La situazione in Libano peggiora di ora in ora. Il numero delle vittime potrebbe già aver superato il migliaio di unità, mentre i feriti sono seimila. Più di un milione gli sfollati. Una parte della popolazione siriana, sfuggita alla guerra civile e che aveva trovato rifugio in Libano, in questi giorni sta rientrando nel proprio paese di origine, dove tra l’altro le ostilità sono tutt’altro che terminate. «La maggior parte degli sfollati è fuggita senza nulla, sta occupando edifici pubblici o vagando per le strade in cerca di cibo - ha dichiarato un salesiano di Beirut, che preferisce rimanere nell'anonimato per paura di ritorsioni. «Noi cerchiamo di offrire loro l’essenziale per vivere: un posto per dormire, vestiti, cibo, assistenza ai bambini. Sarà molto importante il supporto psicologico per i più piccoli, stanno vivendo un dramma che difficilmente dimenticheranno».

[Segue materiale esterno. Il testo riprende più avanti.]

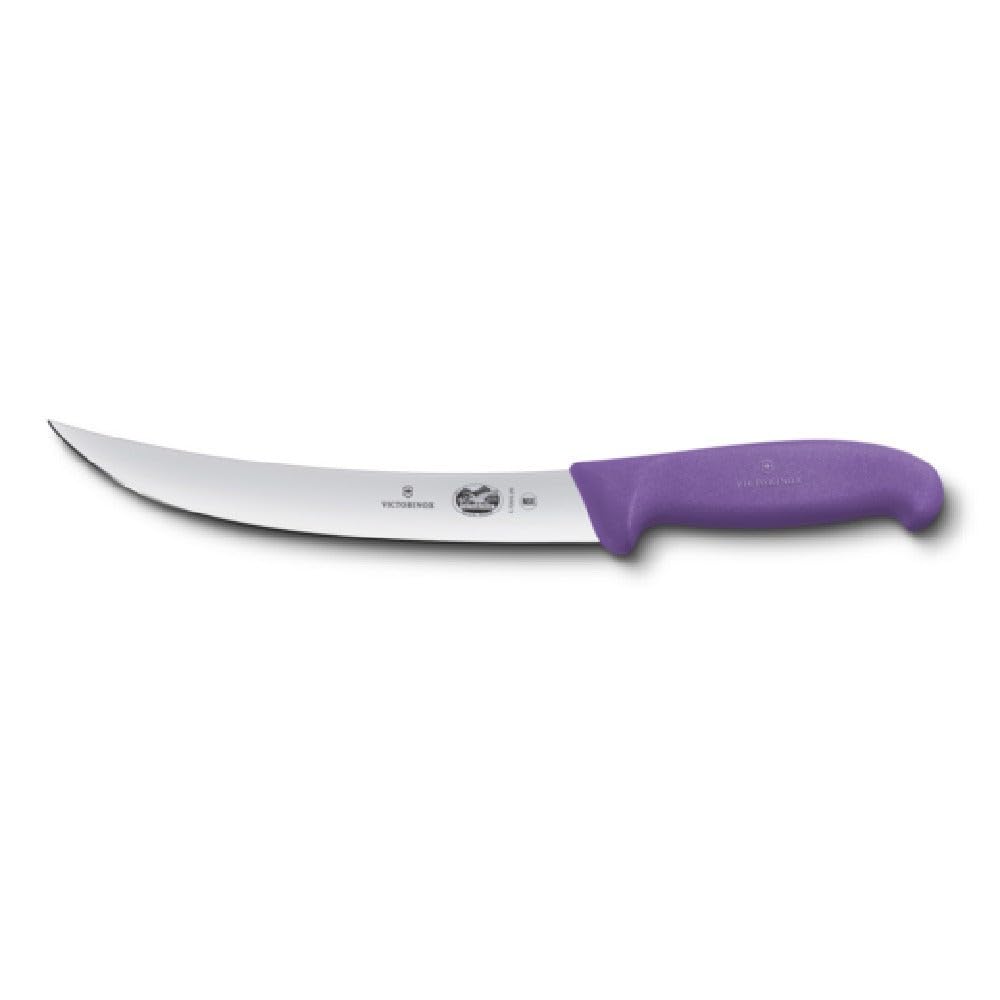 Victorinox Fibrox Schlachtmesser, Langes Zerlegemesser zum Zerteilen grosser Fleischstücke, 20 cm, G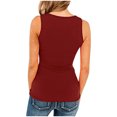 thumbnail image 5 of Scyoekwg Casual Tank Top for Women Trendy Sleeveless Womens Summer Fashion Lightweight Loose Going Out Top Ladies Blouses Dressy Casual, 5 of 7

Nel frattempo, l’azione di Israele prosegue sempre più distruttiva e martellante; soprattutto nei luoghi in cui Hezbollah è presente, nella capitale e nel resto del paese, ma anche in centri come Mayssara (Kesrouan) o Aley, in cui anche la minima presenza di comunità sciite, che ospitano uomini del Partito di Dio, diventa oggetto di incursioni aeree. Nei quartieri cristiani di Beirut est, gestiti per la maggior parte da Kataeb e dalle Forze libanesi, ostili da sempre a Hezbollah, si iniziano ad esporre le bandiere dei partiti della destra cristiana. C’è preoccupazione, ma non si vuole soccombere. Una domanda è sulla bocca di tutti: perché l'America, con il suo presidente Biden predica la pace e poi fornisce una quantità enorme di armi ad Israele per ammazzare vittime innocenti?

«C’è dolore di fronte all'orrore del disastro che ha colpito il Libano. Dalla costa ai monti, distruzione e morte. Ma viene condannata anche la prolungata aggressione israeliana, che ha causato centinaia di martiri e vittime innocenti». È quanto si legge in una nota resa pubblica al termine dell'Assemblea mensile dei vescovi maroniti, presieduta dal patriarca Béchara Boutros Pierre Raï. I presuli si rivolgono anche alla comunità internazionale chiedendo «di assumersi le proprie responsabilità, impegnandosi per un cessate il fuoco immediato», con un preciso riferimento alla Risoluzione Onu numero 1701. 

Ma l'aviazione israeliana colpisce anche le città della Cisgiordania. A Tulkarem, è stato ammazzato un comandante di Hamas che stava pianificando, secondo fonti militari, un attacco terroristico su larga scala, in occasione del primo anniversario del 7 ottobre. Almeno diciotto i palestinesi uccisi. L’esercito israeliano è in massimo stato d’allerta per eventuali altri tentativi, sia nella Striscia di Gaza che in Cisgiordania. 

Una cosa è certa, prima del 7 ottobre 2023, la posizione di Netanyahu, sul piano politico e sociale, era instabile, debole nel consenso e indagato per corruzione, oggi è difficilmente sostituibile, nonostante le proteste e il malcontento nei suoi confronti non siano venuti meno. Allungare il conflitto, esasperarlo, sabotare di fatto i tentativi di negoziato, non progettare un piano per ciò che avverrà dopo la fine delle ostilità è funzionale al suo interesse personale e politico.